Segment Start: Provided entries

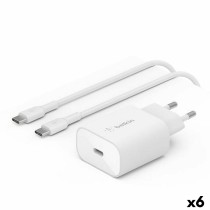 Wand-Ladegerät + USB-C Kabel Belkin Weiß 25 W (6 Stück)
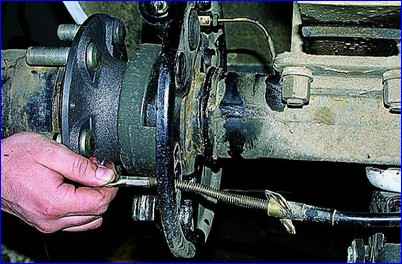 Replacing parking brake drive cables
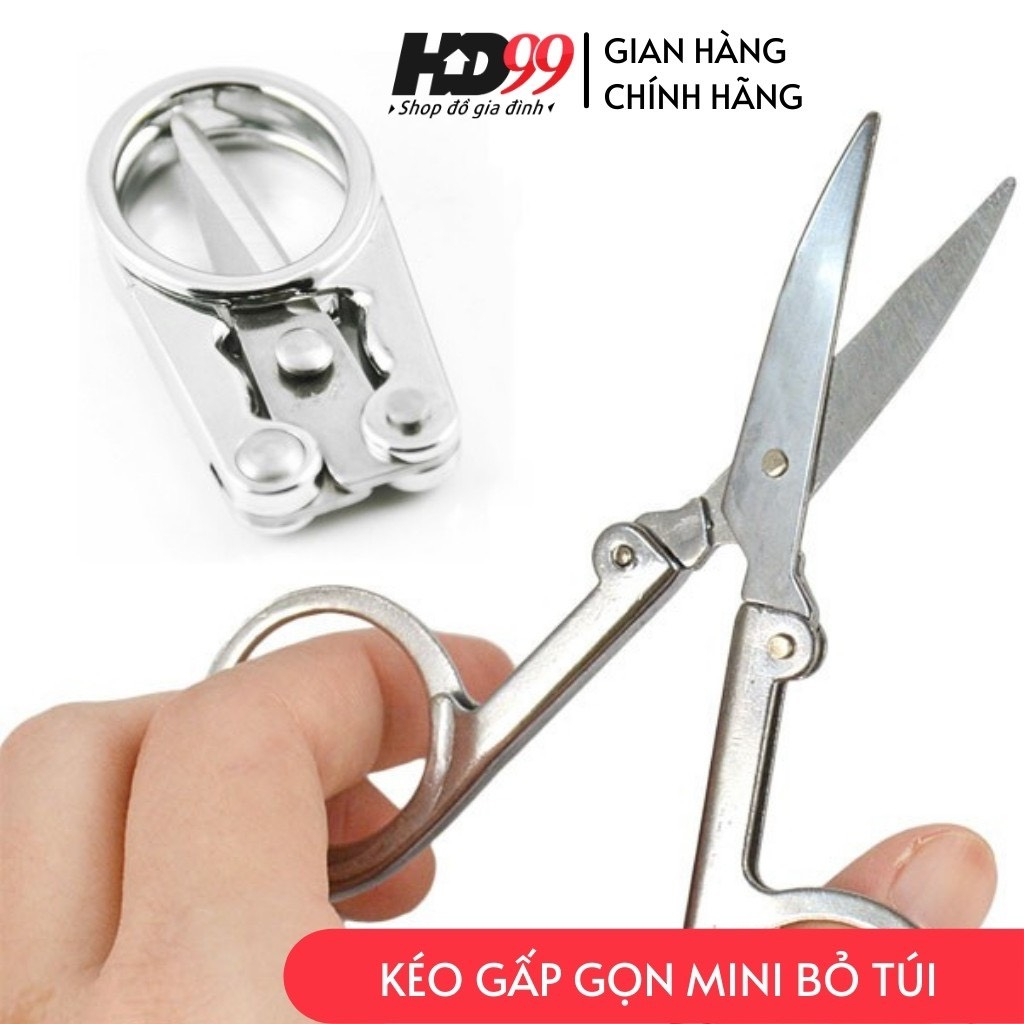 Kéo Gấp Gọn Mini Bỏ Túi Bằng Thép Chuyên Dụng Độ Bền Cao Giành Cho Dân Công Sở
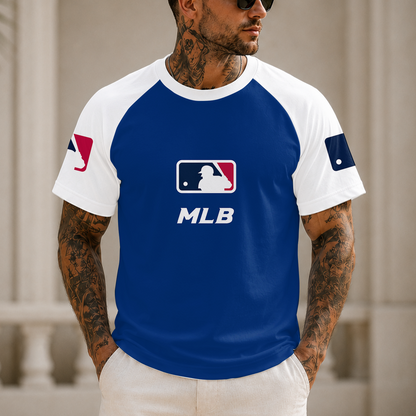 [HOMERUN DEAL] NEW MLB31 MAJOR LEAGUE BASEBALL CUSTOMIZED RAGLAN TEE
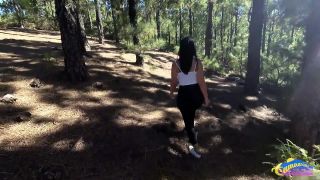 Cumnarias - Horny Brunette Ruins the Forest Walk to Her Best Friend-0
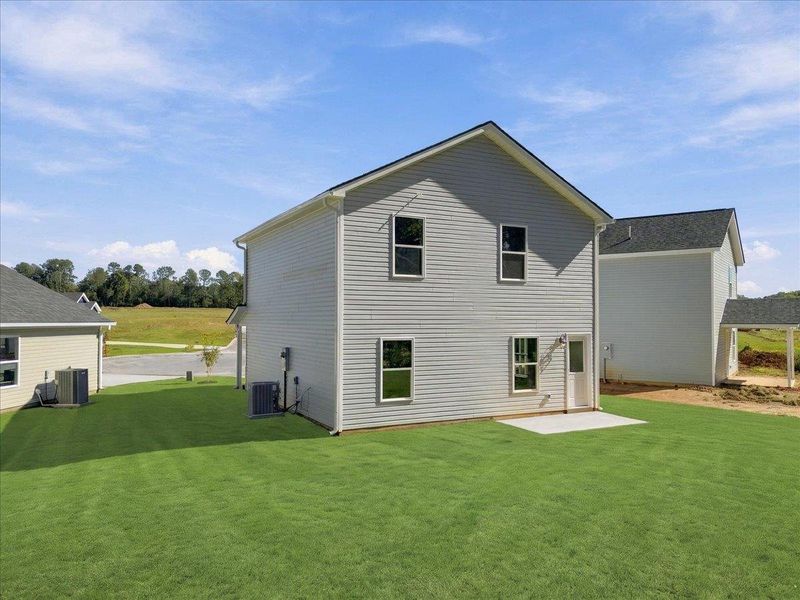 Exterior details and patio area of a home in Stones Throw, Inman (Image 20).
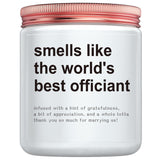Funny Wedding Officiant Gifts, Unique Women Men Officiant Candle Gift For Wedding Day Christmas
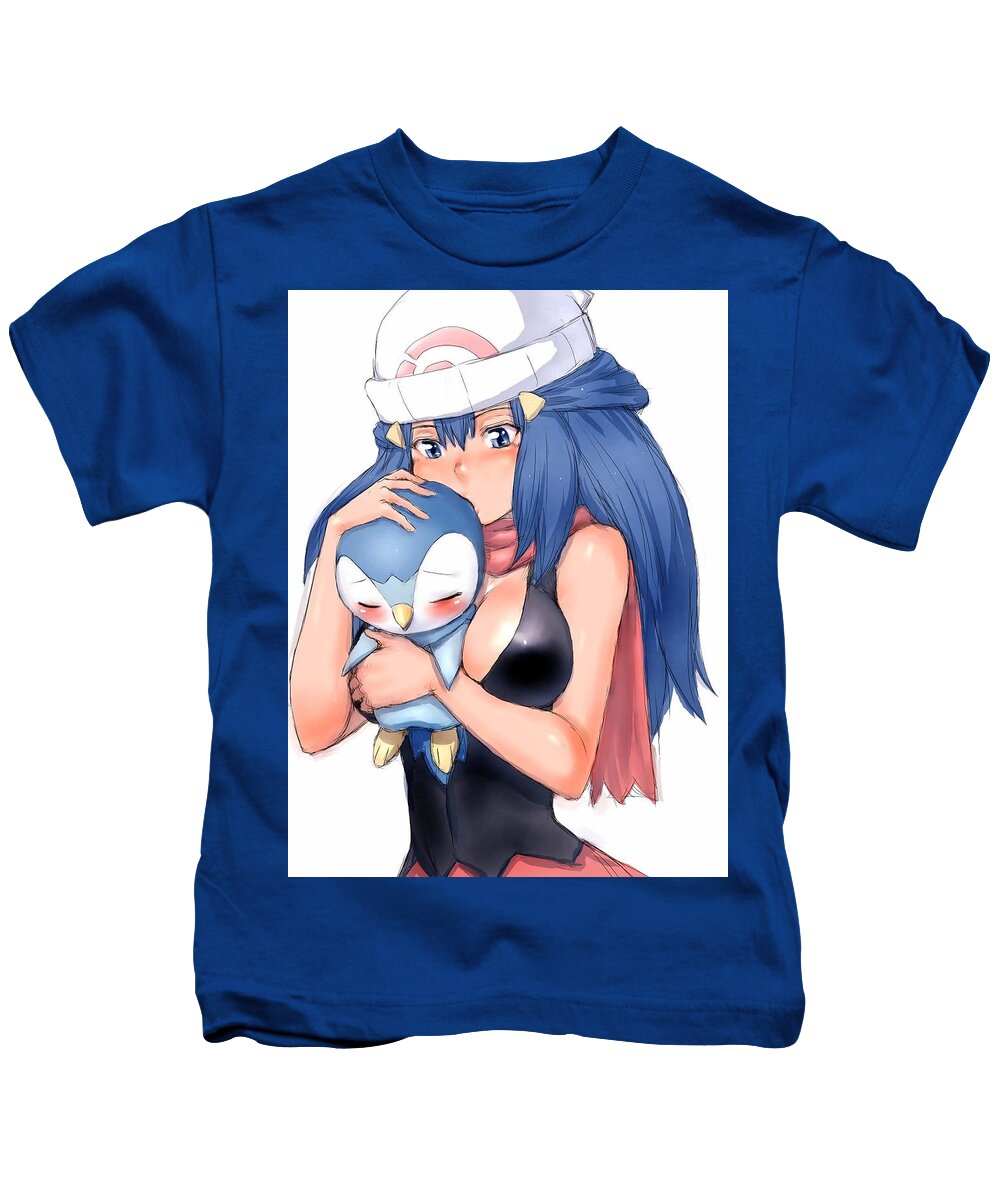 Sexy Dawn and Piplup Pokemon Art Print by Fumio - Fine Art America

Segment End: Provided entries

- What is needed
No pictures should appear in the copy. Print exactly the lines above from the line containing "Funny Wedding Officiant" through the last line of the data.

- Exercise answer
Funny Wedding Officiant Gifts, Unique Women Men Officiant Candle Gift For Wedding Day Christmas
 Sexy Dawn and Piplup Pokemon Art Print by Fumio - Fine Art America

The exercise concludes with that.